7. The McGucken Principle in the Context of Prior Work
The notation x₄ = ict was first written by Poincaré in 1906[11] and developed by Minkowski in 1908.[1] Minkowski himself described the spacetime interval as requiring an imaginary time coordinate to make the four-dimensional space Euclidean, and Sommerfeld in 1909 interpreted the Lorentz transformation as a rotation in this four-dimensional Euclidean space using an imaginary angle.[12] However, neither Poincaré, Minkowski, nor Sommerfeld differentiated x₄ = ict to obtain dx₄/dt = ic and elevated the result to the status of a primary physical postulate about the rate of expansion of the fourth dimension.
The step of treating dx₄/dt = ic as the foundational equation — the McGucken Principle — and deriving from it both relativity and quantum mechanics is due to McGucken, developed over a series of papers and a monograph beginning in 2008.[3],[4],[5] The programme is philosophically related to several established threads in theoretical physics:
The Wick rotation[13] — the substitution t → −iτ connecting Minkowski quantum field theory to Euclidean statistical mechanics — is an application of the same imaginary-time structure, though it is used as a calculational tool rather than as a foundational physical postulate.
The de Broglie relation λ = h/p (1924)[14] and the Heisenberg uncertainty principle (1927)[15] were historically independent postulates of quantum mechanics. The first rigorous proof of the uncertainty principle as an inequality was given by Kennard (1927)[9] and generalised by Robertson (1929).[10] The connection of these results to the Fourier analysis of de Broglie waves is standard in textbooks.[8],[16],[17]
More recently, Lindgren and Liukkonen (2019) showed in a peer-reviewed paper in Scientific Reports that quantum mechanics — including the imaginary structure of the Schrödinger equation — can be understood through stochastic optimisation on spacetimes, with the imaginary unit arising naturally from relativistic invariance and the geometric structure of spacetime.[18] This independently supports the McGucken programme’s central contention that the complex character of quantum mechanics is a consequence of spacetime geometry.

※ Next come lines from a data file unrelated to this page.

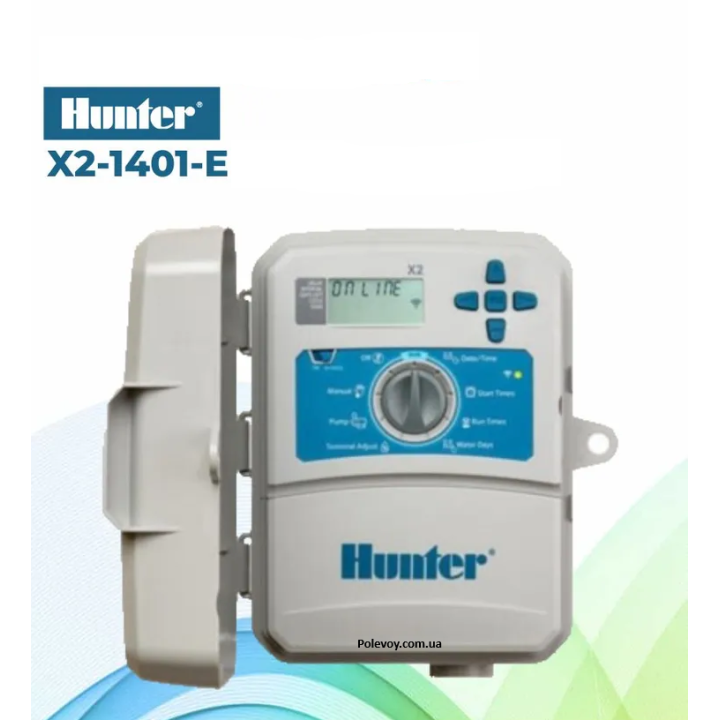 Контролер Hunter X2-1401E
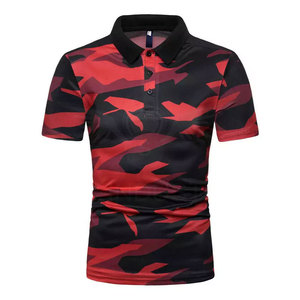Camiseta Unisex de Punto Sólido Transpirable de Alta Calidad Personalizada al por Mayor en Tallas Grandes - Product Image 3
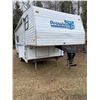 Image 1 : 1995 25.5' Fifth Wheel Camper - c/w Slide Out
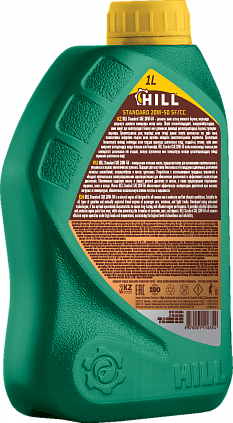 HILL Standard – 20W-50 - 5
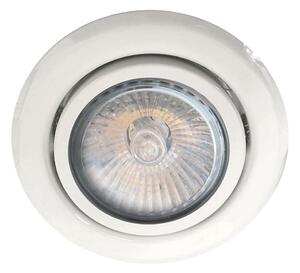 Emithor 48619 - Lampă încastrată MOVABLE 1xGU10/50W/230V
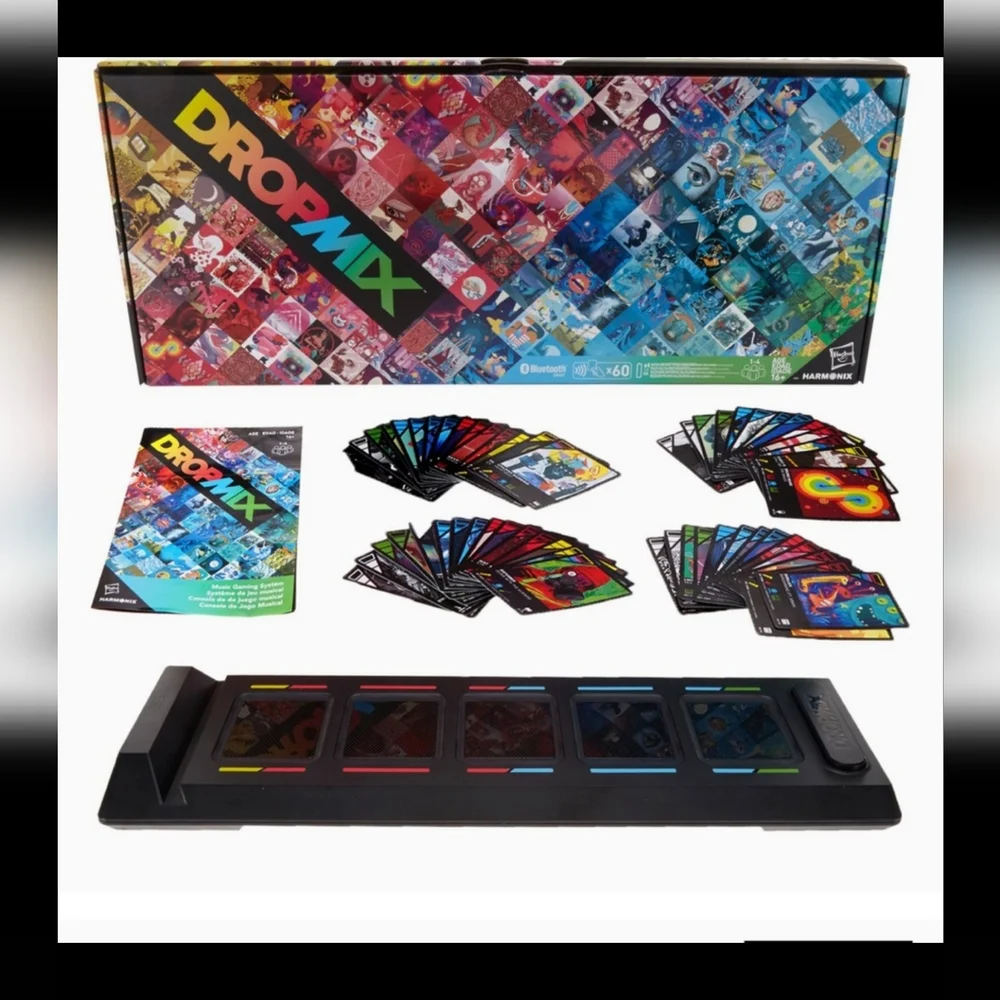 COPY - 2017 Wireless Dropmix DJ Gaming System by Harmonix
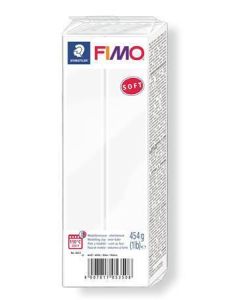 FIMO® soft 454 g bílá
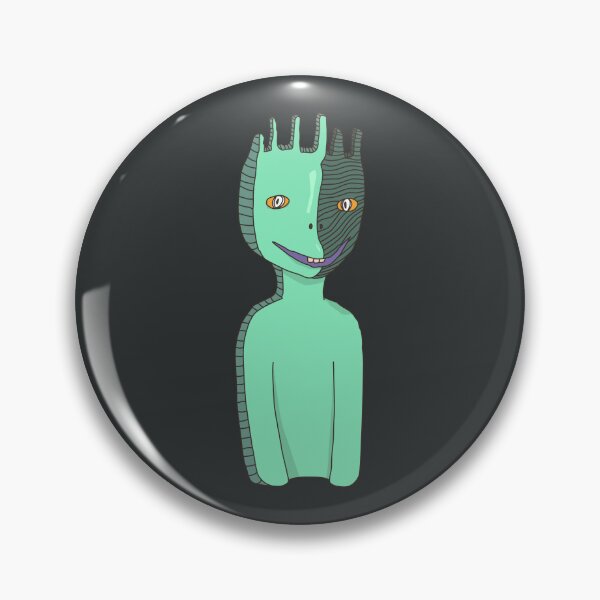Item preview, Split Face Dude designed and sold by Helgoolia.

What the present paper contributes is the explicit, step-by-step assembly of the McGucken Principle as the starting point for a complete derivation of the uncertainty principle, making visible the single geometric thread — the orthogonal expansion of the fourth dimension at speed c — that runs through every factor of i and ℏ in the result.

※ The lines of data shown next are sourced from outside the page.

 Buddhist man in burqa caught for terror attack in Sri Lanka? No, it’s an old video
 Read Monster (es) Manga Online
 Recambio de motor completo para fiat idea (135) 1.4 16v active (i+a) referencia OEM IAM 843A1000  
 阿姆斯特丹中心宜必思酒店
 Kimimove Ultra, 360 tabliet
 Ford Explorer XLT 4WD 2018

8. Physical Interpretation: Uncertainty as Spacetime Geometry
The conventional interpretation of the uncertainty principle — that measuring position disturbs momentum — was Heisenberg’s original heuristic.[15] The derivation above suggests a deeper reading: the uncertainty relation is a theorem of four-dimensional geometry, not a statement about laboratory apparatus.
To have definite momentum is to have a single winding rate for the McGucken phase — a pure tone eipx/ℏ extended uniformly over all of space. To have definite position is to be localised. But a localised object in position space is, by the Fourier theorem, a broad superposition of winding rates in momentum space. The two cannot simultaneously be narrow because they are Fourier duals of the same underlying complex phase function, and the complex character of that function is non-negotiable: it is built into the fabric of spacetime by the McGucken equation.
The minimum uncertainty product ℏ/2 corresponds to the Gaussian wave packet — the most symmetric state, with equal uncertainty in both conjugate directions. All other states have a larger product. The universal lower bound ℏ/2 is set by the scale factor ℏ in the McGucken phase pμxμ/ℏ: it is the minimum area of phase space consistent with the geometric structure of the fourth expanding dimension. In this sense, Planck’s constant ℏ is not an independent constant of nature but a measure of the scale at which the McGucken expansion rate c manifests in the quantum domain.
The uncertainty principle is therefore the statement: because the fourth dimension never stops expanding at rate c, and because this expansion drives an irreducible complex phase in every particle’s wave function, no particle can be simultaneously localised in both the spatial and momentum projections of that phase. The universe does not permit simultaneous sharp position and momentum, not because measuring one disturbs the other, but because both are aspects of a single complex phase structure whose reciprocal-width property is an identity of Fourier analysis.
9. Conclusion
We have derived the Heisenberg uncertainty principle ΔxΔp ≥ ℏ/2 from the McGucken Principle — the postulate that the fourth dimension expands at speed c relative to the three spatial dimensions, expressed by the McGucken equation dx₄/dt = ic. The derivation proceeds in five logically connected steps:
- The McGucken equation dx₄/dt = ic requires the wave function of a particle with four-momentum pμ to be the complex exponential ψ = eipμxμ/ℏ, with i arising from the imaginary character of x₄.
- The momentum eigenvalue is the spatial phase-winding rate p/ℏ, so the momentum operator is p̂ = −iℏ∂/∂x, where the factor i is again the McGucken rotation.
- Localising the particle in position space requires superposing plane waves of many different winding rates; position and momentum form a Fourier conjugate pair because they are dual representations of the McGucken phase.
- The Fourier transform of a Gaussian of position-width σx is a Gaussian of momentum-width ℏ/(2σx), giving σxσp = ℏ/2 for the minimum-uncertainty state.
- The Cauchy-Schwarz inequality applied to the Hilbert-space inner product, combined with [x̂, p̂] = iℏ (itself a consequence of the McGucken momentum operator), gives the general bound Δx · Δp ≥ ℏ/2.
Every i in steps 1–5 is the same complex rotation encoded in dx₄/dt = ic, and ℏ appears as the conversion constant between four-momentum and phase-winding rate. The uncertainty principle is a theorem of four-dimensional spacetime geometry, with its origin in the McGucken Principle that the fourth dimension expands at c.